Task to complete – Omit every picture, then give all the entries again exactly.
[Dataset extract — start]
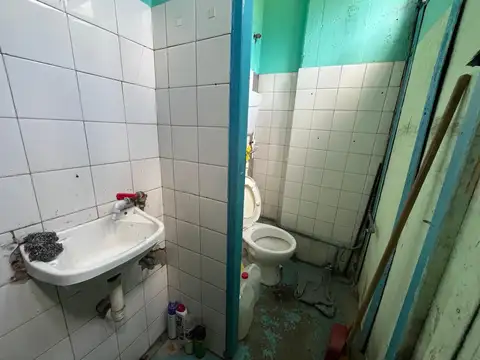 Local alquiler con entrepiso - ALQUILER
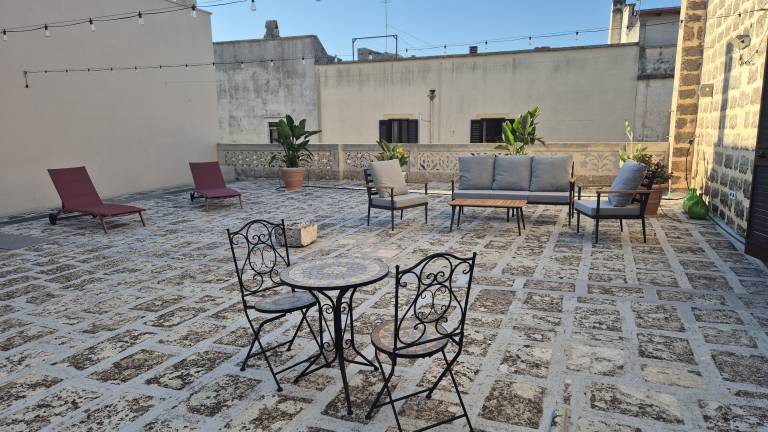 Palazzo Salento con giardino e terrazza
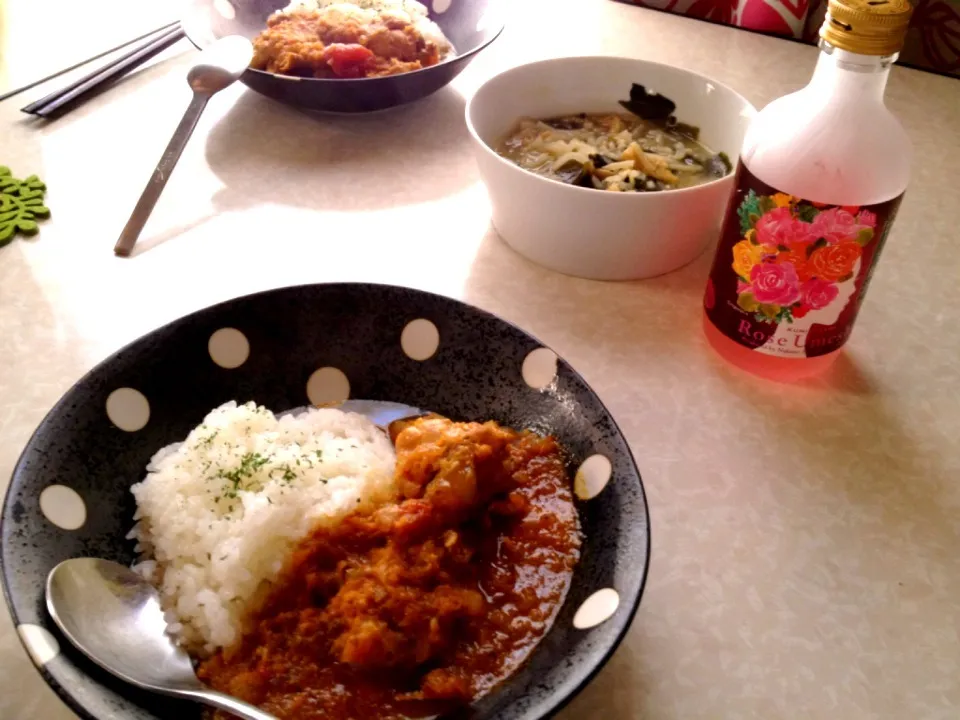 前日から仕込んだチキンカレー🍛と竹の子とワカメと切り干し大根の煮物|みきぴょん♪さん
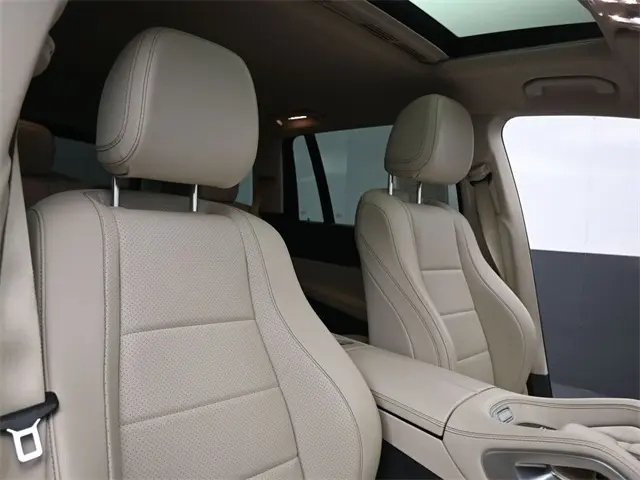 2020 Mercedes Benz GLS 450 4MATIC photo 17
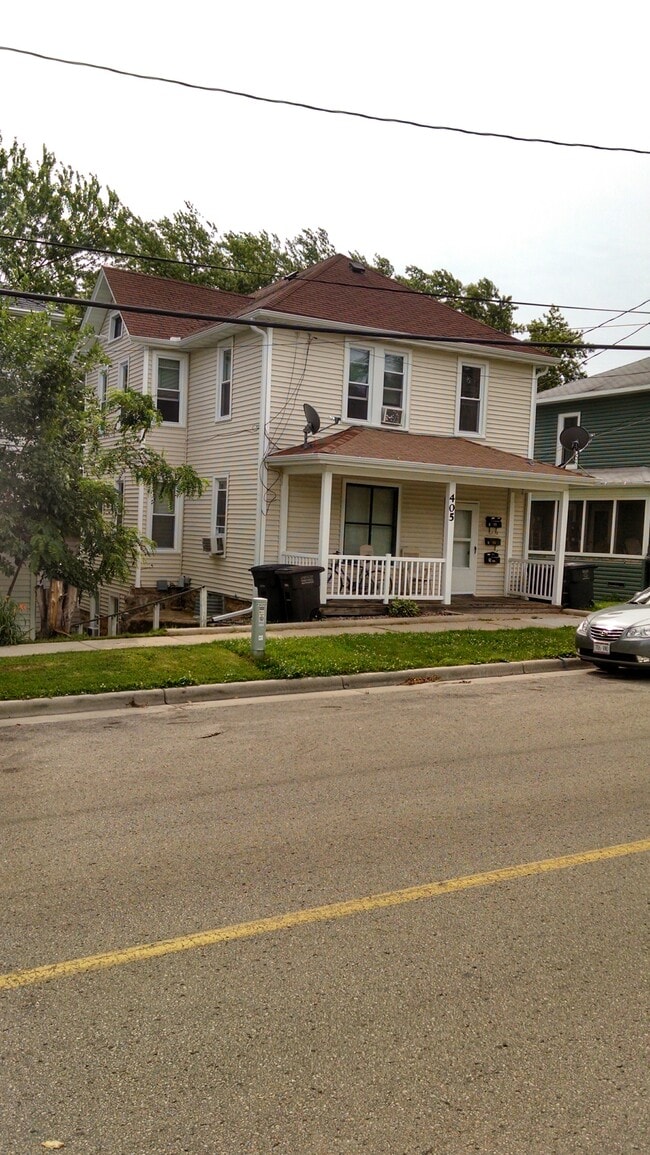 property at 405 S Page St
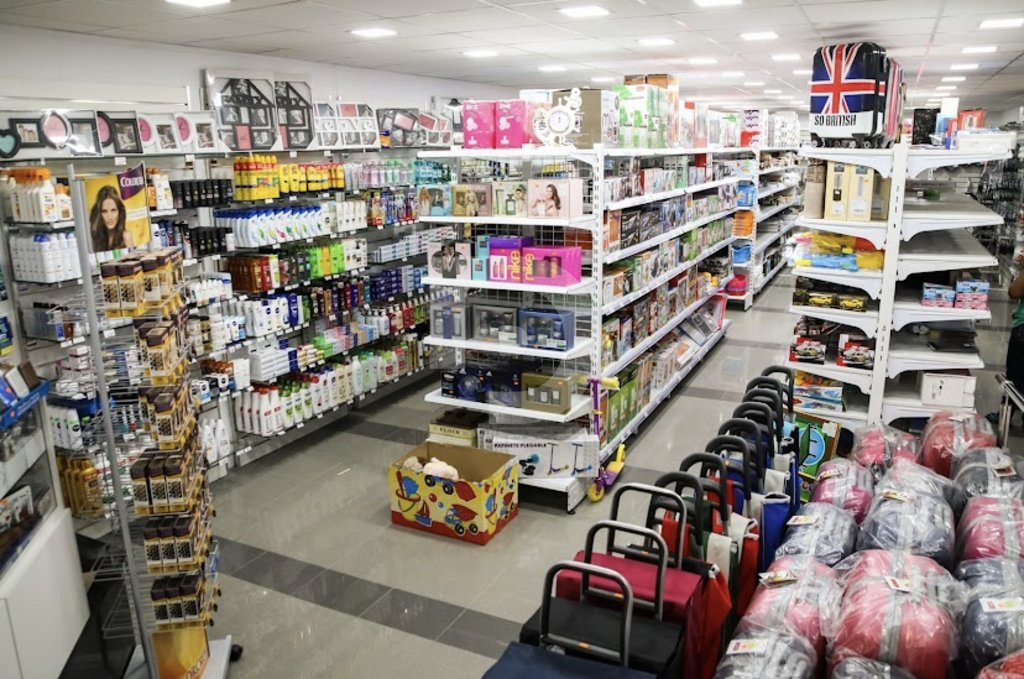 Магазин в Барселоне, Испания, 226 м² - фото 1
[Dataset extract — finish]
Response for this exercise –
 Local alquiler con entrepiso - ALQUILER
 Palazzo Salento con giardino e terrazza
 前日から仕込んだチキンカレー🍛と竹の子とワカメと切り干し大根の煮物|みきぴょん♪さん
 2020 Mercedes Benz GLS 450 4MATIC photo 17
 property at 405 S Page St
 Магазин в Барселоне, Испания, 226 м² - фото 1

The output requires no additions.